Sur les frais d’instance :
17. Les dispositions de l’article L. 761-1 du code de justice administrative font obstacle à ce qu’une somme soit mise, à ce titre, à la charge de l’Etat, qui n’est pas la partie perdante au présent litige.
D É C I D E :
Article 1er : Le jugement n° 2300817 du tribunal administratif de Bastia du 18 octobre 2024 est annulé.
Article 2 : M. B… est condamné au paiement d’une amende de 500 euros.
Article 3 : M. B… devra, sous le contrôle de l’administration, remettre les lieux en l’état dans un délai de trois mois à compter de la notification du présent arrêt, sous peine d’une astreinte de 50 euros par jour de retard passé ce délai.
Article 4 : En cas d’inexécution par l’intéressé, l’administration est autorisée à procéder d’office, aux frais du contrevenant, à la remise en état des lieux.

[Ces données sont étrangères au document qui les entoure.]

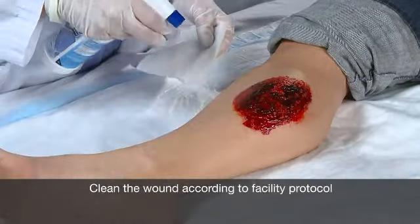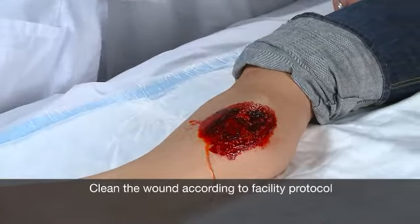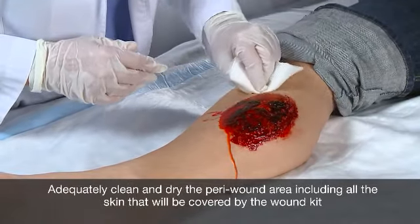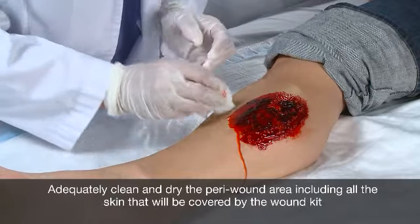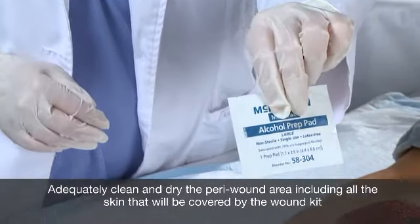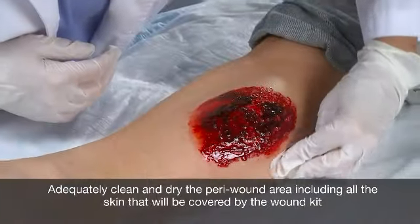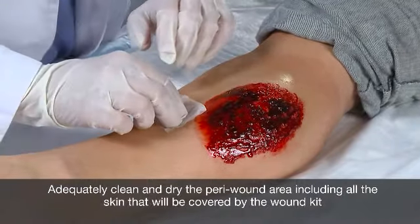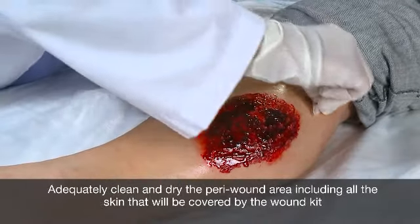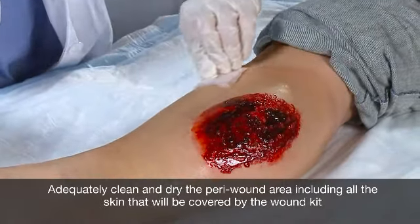After that, clean the wound bed according to the facility's protocol for applying a Negative Pressure Wound Therapy Wound Kit. Take special care to ensure all the skin that will be covered by the wound kit is adequately clean and dry. It is recommended that you use an alcohol-based cleaning product for the para-wound area and allow it to air dry before the wound kit is applied. If you are using a non-rinse wound cleanser, you may need to rinse with normal saline or sterile water. The skin needs to be rinsed and dry in order to get proper adhesion of the wound kit.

Article 5 : Les conclusions de M. B… présentées sur le fondement des dispositions de l’article L. 761-1 du code de justice administrative sont rejetées.
Article 6 : Le présent arrêt sera notifié à M. E… B… et à la ministre de la transition écologique, de la biodiversité, de la forêt, de la mer et de la pêche.
Copie en sera adressée au préfet de la Corse-du-Sud.
Délibéré après l’audience du 19 septembre 2025, où siégeaient :
- Mme Menasseyre, présidente de chambre,
- Mme Noire, première conseillère,
- M. Cros, premier conseiller.
Rendu public par mise à disposition au greffe, le 6 octobre 2025.